Thailand has always held a special place in my heart. I first travelled there in 1991, a wide eyed kid wet behind the ears with a bucket shop one way ticket to Bangkok. My grand plans of a short beach break before heading down to the east coast of Australia joining the 1000’s of Pommie pilgrims earning a right of passage didn’t exactly go to plan. I left Thailand eleven months later to return home penniless, emancipated and full of great stories, which my friends soon got bored with.

I returned a few times mainly to Bangkok and Koh Samui happy to be back in the land of smiles but feeling slightly disappointed at all the changes. The old story of development being good for the locals but not good for my sense of adventure. That didn’t deter me from joining the Imaginative Travellers Wilderness Adventure two years ago.

Arriving in Bangkok this time was different. I had a hotel booked so no lugging my pack in Bangkok’s suffocating mixture of exhaust fumes, heat and humidity looking for a clean bed. I had a group to meet too, this was also good, eating Pad Thai on your own looking for a fellow traveller to strike a conversation with can be hard work. There were 10 of us, a mix of Poms, Aussies, a Canadian, an American and a South African. We all met for dinner and shortly after my first Thai beer I knew this would be a fun trip

Bangkok to me means food and shopping and the best place to find both is the Chata Chuk weekend market. I headed there with belly empty and wallet full destined to reverse the two. The market is huge, really huge, 35 acres of cheap goodies huge and sells everything from furniture to genuine fake designer clothes. The street food is fantastic but remember the Thai’s like it hot. I left my shopping with the hotel to keep safe as I would be returning there once I finished the trip.

Off to Chiang Mai on the overnight train. I like travelling like this, sleeping while moving makes sense to me and the train is clean, functional, safe and fine. I think Chiang Mai is the perfect place to escape hectic Bangkok. It’s a peaceful, happy place and that reflects in the locals. Sight seeing will take you to the Wat Pratat Doi Suthep temple – stunning and golden on a sunny day. The next stage of the trip was trekking in the surrounding jungle, I decided I needed a massage before we set off.

A trek in the hills of Northern Thailand is a chance to escape everyday life and clear your head. The going is not too difficult for someone with fairly good fitness although if it rains the mud can be tricky. I was enjoying my own head space when we arrived at the first village of wooden homes, pecking chickens and lots of smiles, basic but I couldn’t think of anywhere else I would rather have been. Chan, our guide, was a local from a neighbouring village and before long he had us divided amongst our village hosts before the sun set and got too difficult for us city people to do anything without electric light. That night, with the noise of the surrounding jungle lying on a mattress roll on a bamboo floor, was maybe the most peaceful night’s sleep I have ever had.

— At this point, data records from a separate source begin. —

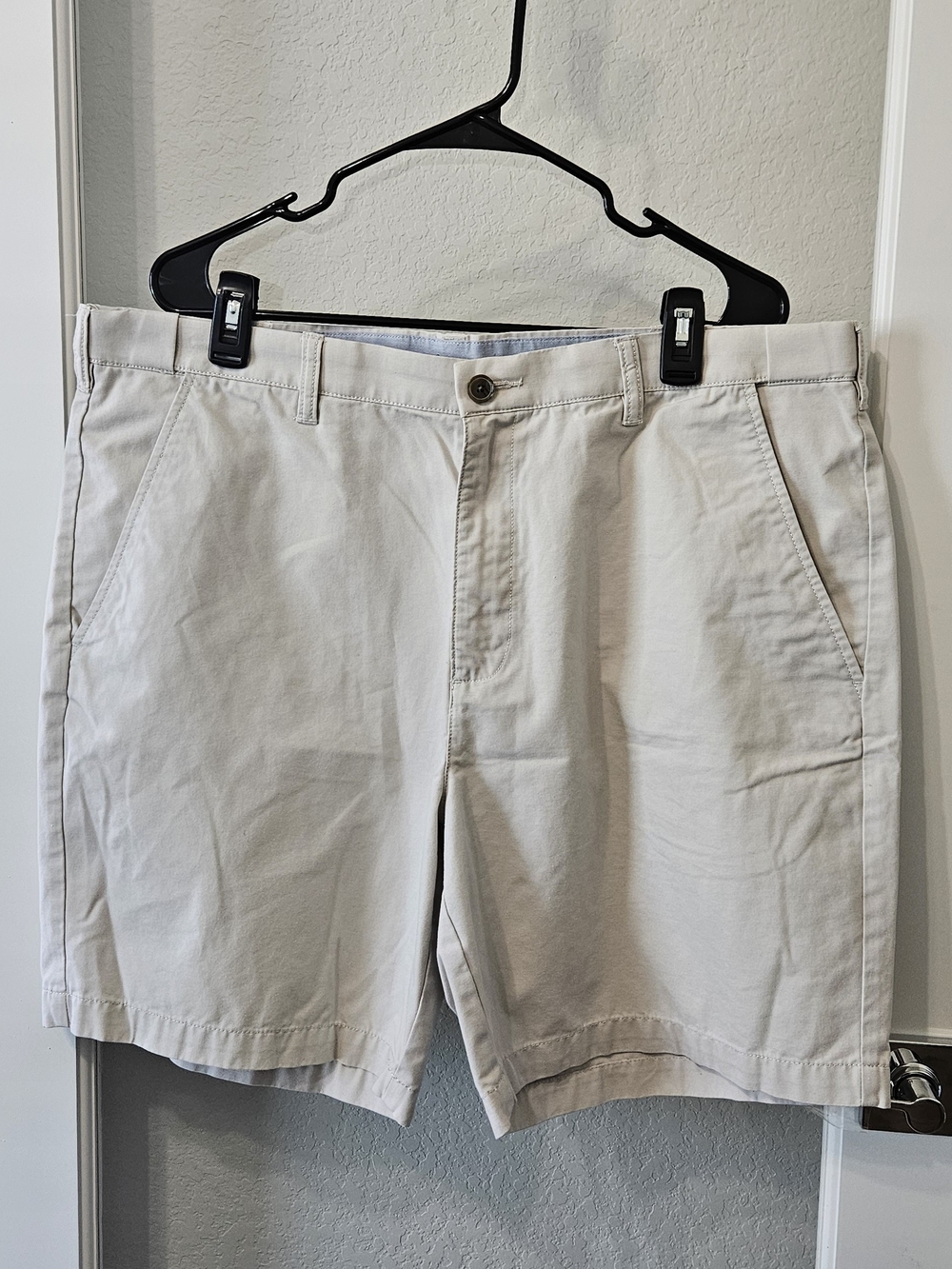 Croft & barrow Men's Light Beige Flat Front Shorts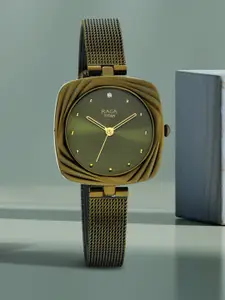 Titan Women Olive Green Analogue Watch 95139QM01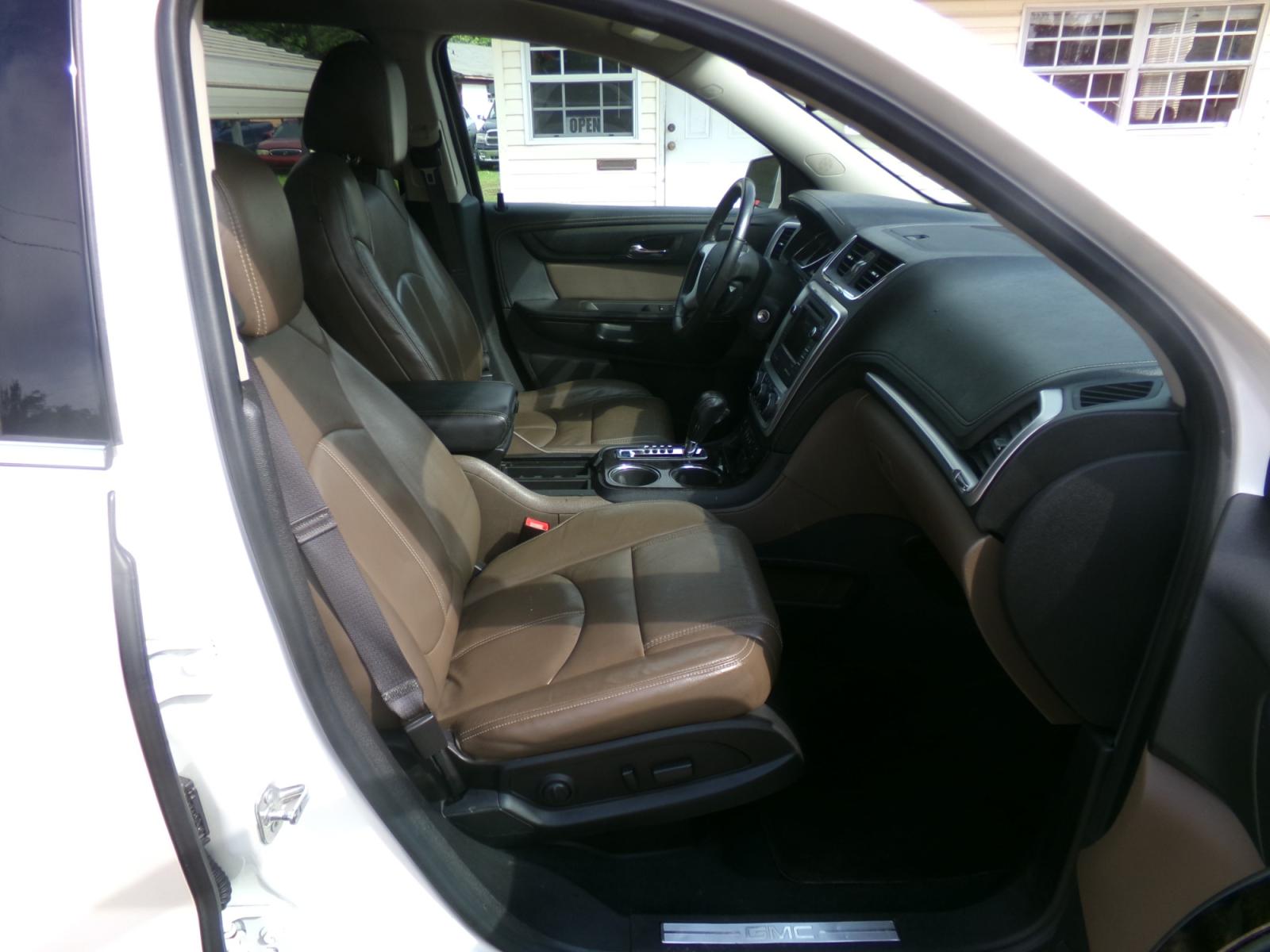 2015 White /Brown GMC Acadia SLT (1GKKRRKD4FJ) with an 3.6L engine, automatic transmission, located at 401 First NE, Bearden, AR, 71720, (870) 687-3414, 33.726528, -92.611519 - Photo #23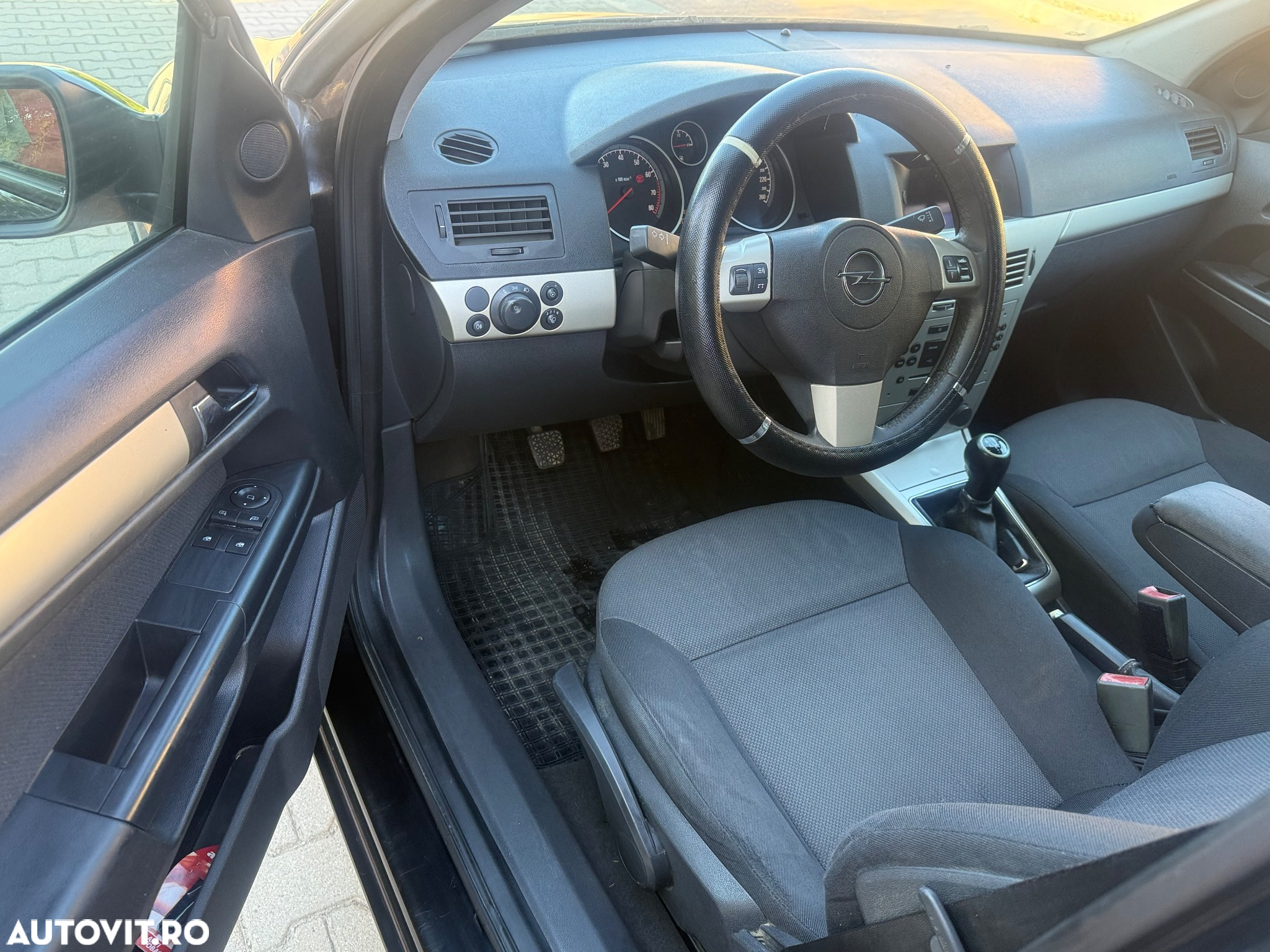 Opel Astra - 8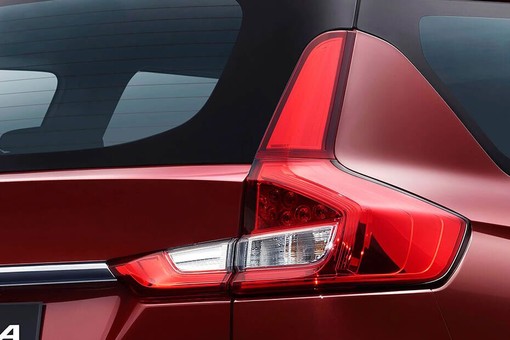 Yetuk ayollar bilan porno insest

The next day’s trek was shorter and we covered ground quicker, maybe we were getting used to the trekking but I think it was the excitement of the elephant ride to come that afternoon. Lunch was delicious but we were too busy watching the elephants wash in the river to notice. Elephants are brilliant creatures and being on one journeying deeper into the jungle is a fantastic experience.

The next morning Chan had us up early helping him and the village men build our rafts to take us down river to civilization. It is all part of the experience helping the guys and by helping I mean staying out of their way while they expertly craft our rafts. A serene float down to the nearest small town where our bus was waiting to take us to a hot shower and another massage.

We left Chiang Mai and headed back to Bangkok where we broke the journey up to the south with an over night stay in the city of angels.

I had heard a few good things about Khoa Sok national park, not too popular with tourists or backpackers alike due it not having a major bus stop. To get there you need to stop the bus by the 3rd banyan tree after 17th stream near the big hill and you will find a bakkie waiting to take you into the park. I’m glad we had a tour leader. The first night we slept with the birds in tree houses the second and third we stayed in raft houses on a man made dam. It is a truly beautiful area and a few of us spent the days swimming in waterfalls, flooded caves, kayaking and hiking and some of just sat back and took it all in.

How to finish this Thailand trip? On the beach of course. The islands around Krabi are what we visualize when we think of a Thai beach and they do not disappoint. The Thai’s have a word called sabai, loosely translated it means an inner happiness and contentment. I woke one afternoon from a napping on the beach and understood exactly what sabai means.